*** Data shown

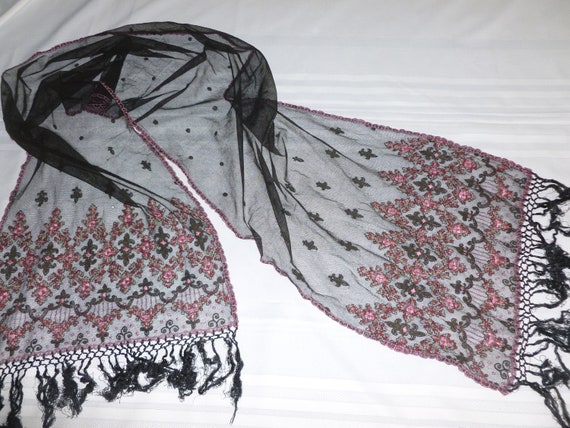 Amazing ANTIQUE Victorian Shawl - Silk Embroidered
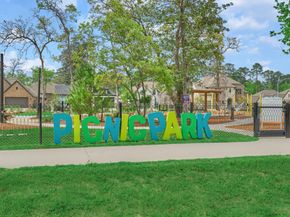 636 Sand Branch Drive, Conroe TX 77304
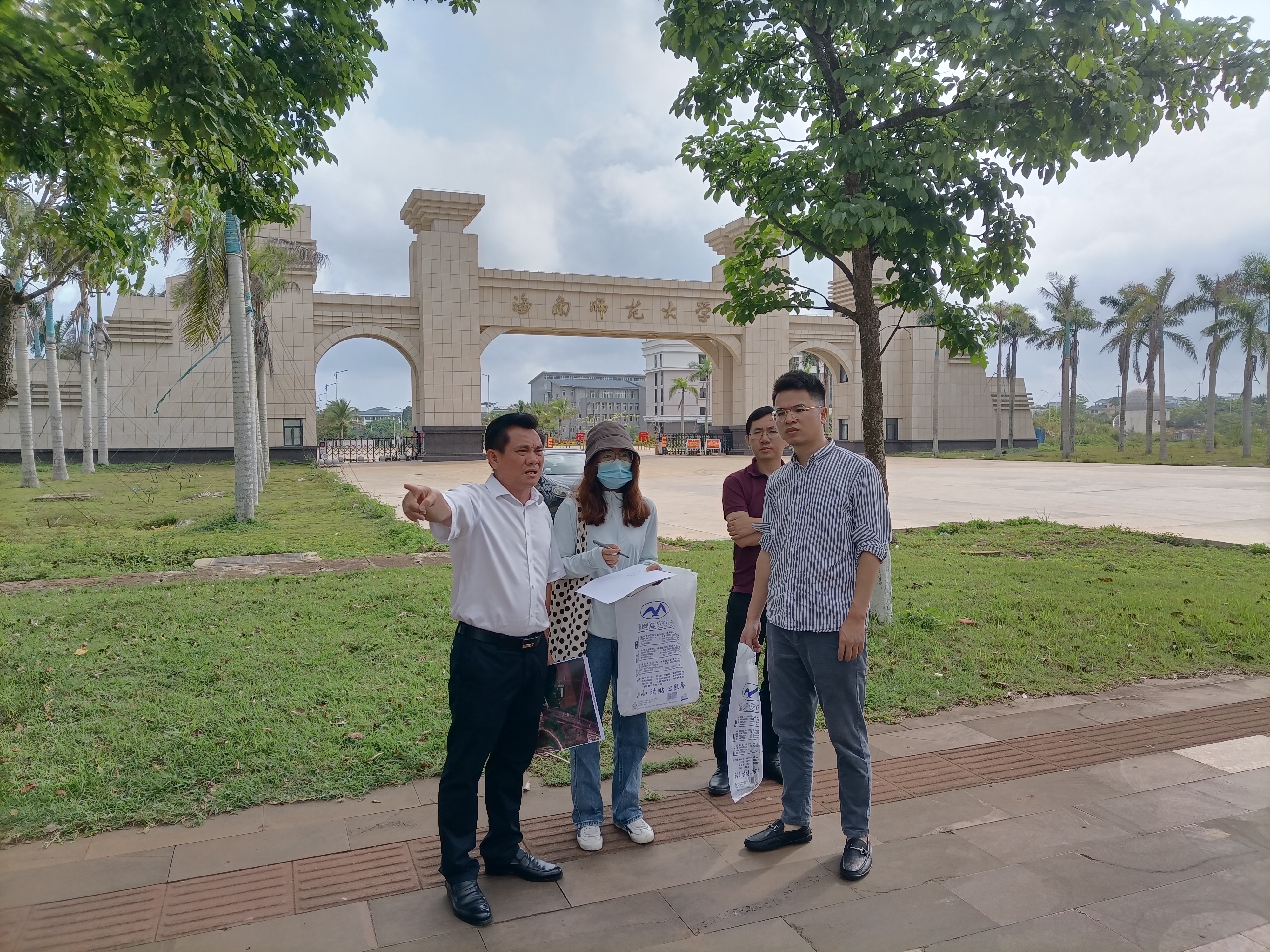 基建处文中童与交警支队领导现场查看桂林洋校区南大门海涛大道绿化带开口规划、设计事宜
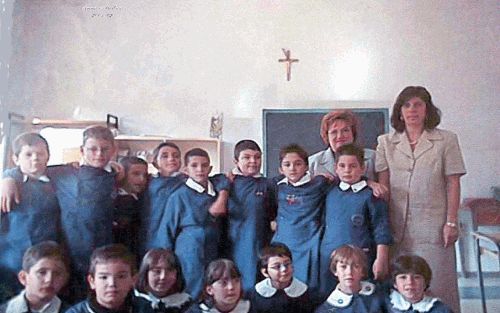 SAN GIULIANO DI PUGLIA - Niet nader gedateerde foto van een de klassen van de Johannes XXIII school in het Italiaanse dorp San Giuliano di Puglia die donderdag zo zwaar door de aardbeving is getroffen. Van de school zijn zeker 26 leerlingen om het leven g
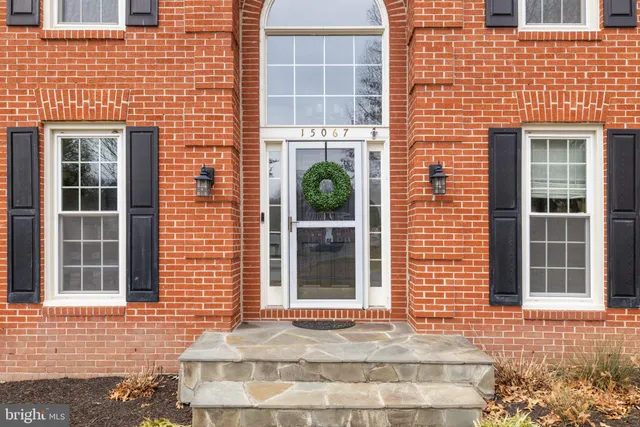 $999,980 | 15067 Brown Post Lane, Centreville, VA 20121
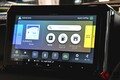 楽ナビのApple CarPlay／Android Auto対応やDAにサウンド激変の「謎の黒い箱」？ さまざまなニーズに応えるカロッツェリア2025年新製品群をリアルに体験！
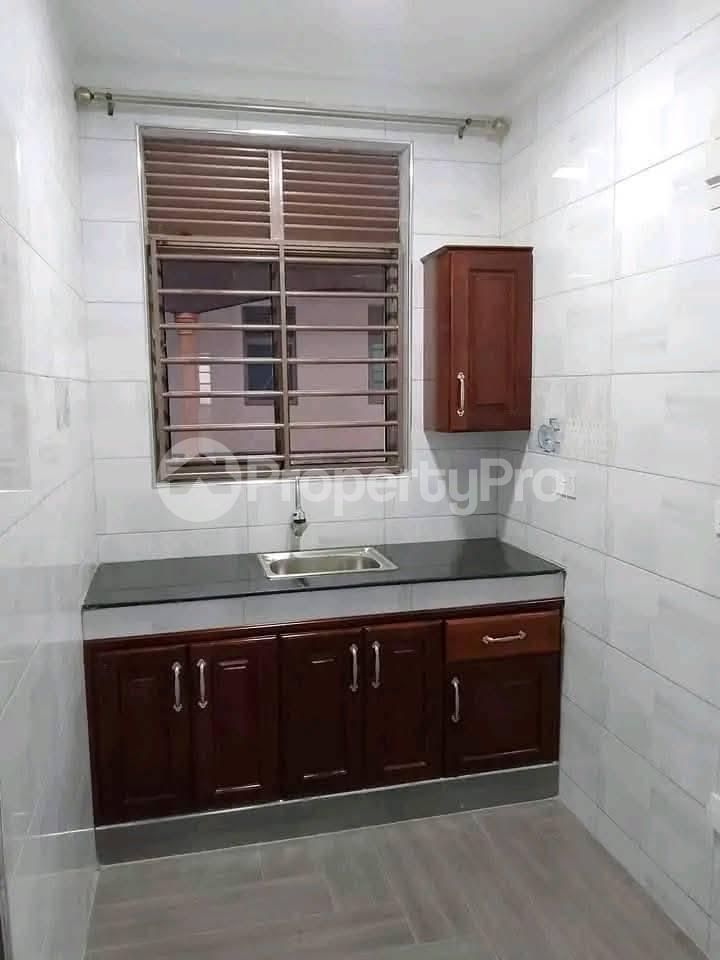 1 bedroom mini flat  Apartment Block Apartment for rent Mutungo road Kampala Central - 3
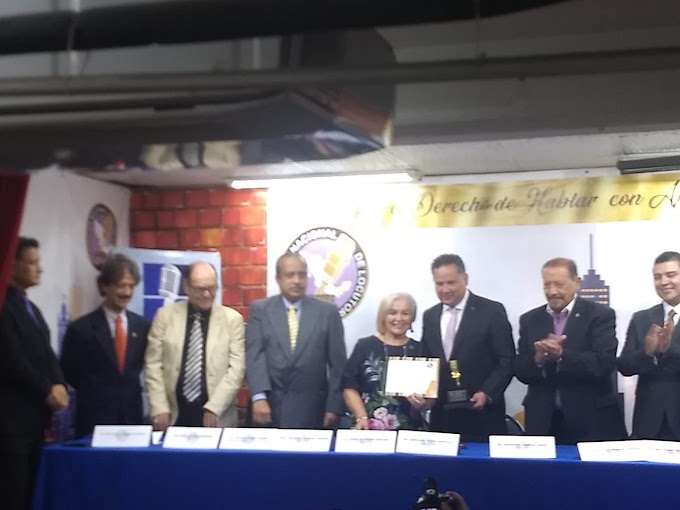 Entrega del Micrófono de Oro a Santiago Nieto Castillo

******

**Activity:**
The copy you write must hold every record verbatim and none of the pictures.

**Response to the task:**
 Amazing ANTIQUE Victorian Shawl - Silk Embroidered
 636 Sand Branch Drive, Conroe TX 77304
 基建处文中童与交警支队领导现场查看桂林洋校区南大门海涛大道绿化带开口规划、设计事宜
 SAN GIULIANO DI PUGLIA - Niet nader gedateerde foto van een de klassen van de Johannes XXIII school in het Italiaanse dorp San Giuliano di Puglia die donderdag zo zwaar door de aardbeving is getroffen. Van de school zijn zeker 26 leerlingen om het leven g
 $999,980 | 15067 Brown Post Lane, Centreville, VA 20121
 楽ナビのApple CarPlay／Android Auto対応やDAにサウンド激変の「謎の黒い箱」？ さまざまなニーズに応えるカロッツェリア2025年新製品群をリアルに体験！
 1 bedroom mini flat  Apartment Block Apartment for rent Mutungo road Kampala Central - 3
 Entrega del Micrófono de Oro a Santiago Nieto Castillo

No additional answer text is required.